This first post is intended to introduce the type of work we’ve started at Lab41, which is a unique partnership In-Q-Tel has started with Academia, Industry, and the U.S. Intelligence Community. We’re excited about this venture and look forward to sharing our progress towards collaboratively addressing big data challenges with new technologies.
Designing scalable systems for the real world requires careful consideration of data – namely, Big Data’s volume, variety, and velocity – to ensure the right pieces are engineered and valuable resources don’t miss the gotchas or edge cases that lead to insight. Basically, when tinkering with different architectures in the Big Data arena, having good data to test against is paramount. One of our projects involves assessing various architectures for working with large-scale graphs, including how to incorporate data that tests the limits of storage, computation, and analytic workflows.
As you might expect, we wanted to use real world data when designing our real-world system. However, getting real data that mimics production data is difficult and time consuming. Oftentimes data only tells a story for that specific dataset, leading a developer to miss the more comprehensive view of the system’s strengths and weaknesses. For those reasons, we developed a method that generates large graphs with the “right” qualities of a system that can scale to one billion nodes.
Before comparing the leading projects for scaling graphs, we needed a good baseline for assessing the data requirements of the overall system. It quickly became apparent that current offerings such as Gephi, Network WorkBench, NetworkX, and Furnace, all do a good job of following particular distributions and structural constraints. However, most of them are unable to generate graphs at large scale and produce the correct format and build to completion and finish in a reasonable amount of time.
The evaluation and assessment of graph data generators led us down the path of writing a fairly-straightforward script. The code is very young in its development – and has room for a lot of improvement – but it has proven simple to use, moderately good at generating graphs large enough to test claims, and flexible enough to vary characteristics such as directed-ness, out-degrees, and of course numbers of edges, nodes, and attributes. We made sure to add a twist of randomness to avoid creating identical graphs.
The script takes command-line switches to configure the following graph characteristics:
- Number of nodes
- Degree of nodes
- In-degree of nodes
- Out-degree of nodes
- Number of node attributes
- Number of edge attributes
- Output type (GraphML and GraphSON so far)

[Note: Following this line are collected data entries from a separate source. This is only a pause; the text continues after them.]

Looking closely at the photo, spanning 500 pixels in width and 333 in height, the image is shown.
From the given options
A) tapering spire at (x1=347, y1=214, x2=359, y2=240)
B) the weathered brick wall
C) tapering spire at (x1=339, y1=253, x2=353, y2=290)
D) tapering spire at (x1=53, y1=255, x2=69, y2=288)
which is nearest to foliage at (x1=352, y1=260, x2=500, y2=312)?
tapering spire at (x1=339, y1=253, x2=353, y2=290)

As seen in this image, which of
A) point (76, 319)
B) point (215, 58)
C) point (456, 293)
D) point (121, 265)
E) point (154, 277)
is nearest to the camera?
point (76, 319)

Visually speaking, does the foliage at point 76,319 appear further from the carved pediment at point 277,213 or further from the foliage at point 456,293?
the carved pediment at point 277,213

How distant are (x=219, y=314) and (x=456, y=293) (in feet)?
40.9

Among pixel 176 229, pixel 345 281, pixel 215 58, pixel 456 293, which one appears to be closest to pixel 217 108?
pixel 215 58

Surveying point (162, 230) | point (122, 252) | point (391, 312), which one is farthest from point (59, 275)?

With our script in hand, we moved on to begin the requisite performance testing, but we first discovered an important consideration for anyone wishing to release our script into the wild.
The most important “practical” consideration proved to be enforcement (or not) of strict parameters, which forces the script to scan and verify characteristics of all nodes. By enforcing strict parameters, we mean that:
- each node must guarantee
- that it has no more and no less edges attached to it
- from both an in and out degree context.

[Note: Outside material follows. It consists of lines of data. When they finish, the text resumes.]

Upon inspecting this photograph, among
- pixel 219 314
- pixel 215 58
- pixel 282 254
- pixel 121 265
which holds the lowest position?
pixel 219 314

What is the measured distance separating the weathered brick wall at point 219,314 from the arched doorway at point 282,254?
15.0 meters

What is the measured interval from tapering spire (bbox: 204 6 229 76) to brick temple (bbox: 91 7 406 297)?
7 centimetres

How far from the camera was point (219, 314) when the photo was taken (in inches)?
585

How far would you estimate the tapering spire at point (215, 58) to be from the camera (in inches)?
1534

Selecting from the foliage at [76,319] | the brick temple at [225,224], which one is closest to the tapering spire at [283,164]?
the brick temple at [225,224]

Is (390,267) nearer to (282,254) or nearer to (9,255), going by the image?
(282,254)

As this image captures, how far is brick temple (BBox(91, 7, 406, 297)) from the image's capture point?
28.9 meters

- that it has no more and no less edges attached to it
In order to guarantee this 100% of the time, each time an edge is added, all preexisting edges must be checked to make sure that the chosen random vertices chosen do not go outside the imposed limits. To put it in perspective, the script initially enforces strict parameters, which – as you can probably guess by now – simply become untenable for quickly producing large graph data sets. As the below chart shows, we are able to generate a graph of 100 Million nodes in roughly the same amount of time it took to generate a graph of only 100,000 nodes using strict parameter enforcement:
Since disabling strict enforcement led to a graph three orders of magnitude larger in the same amount of time, you might be asking how the absence of that check – the degree of edges/node – affected the number of edges. Below we show that the difference of edges between checking and not checking is negligible:
Since we are generating these graphs, it seems reasonable to bend the requirements slightly to treat the minima and maxima simply as guidelines that some nodes may not conform to. While there is still room for improvement, such as leveraging more than a single CPU core, the results are reasonable enough to use.
Generating the Baseline
The most important point is that seemingly “simple” parameter changes – which represent actual differences in real-world networks – make huge differences to the resulting network and therefore our system design. We generated three different classes of graphs from a baseline of graph data sets to determine how varying parameters influences such important characteristics as: time to generate, number of edges created, storage footprint, number of node and edge attributes, and average degree of nodes.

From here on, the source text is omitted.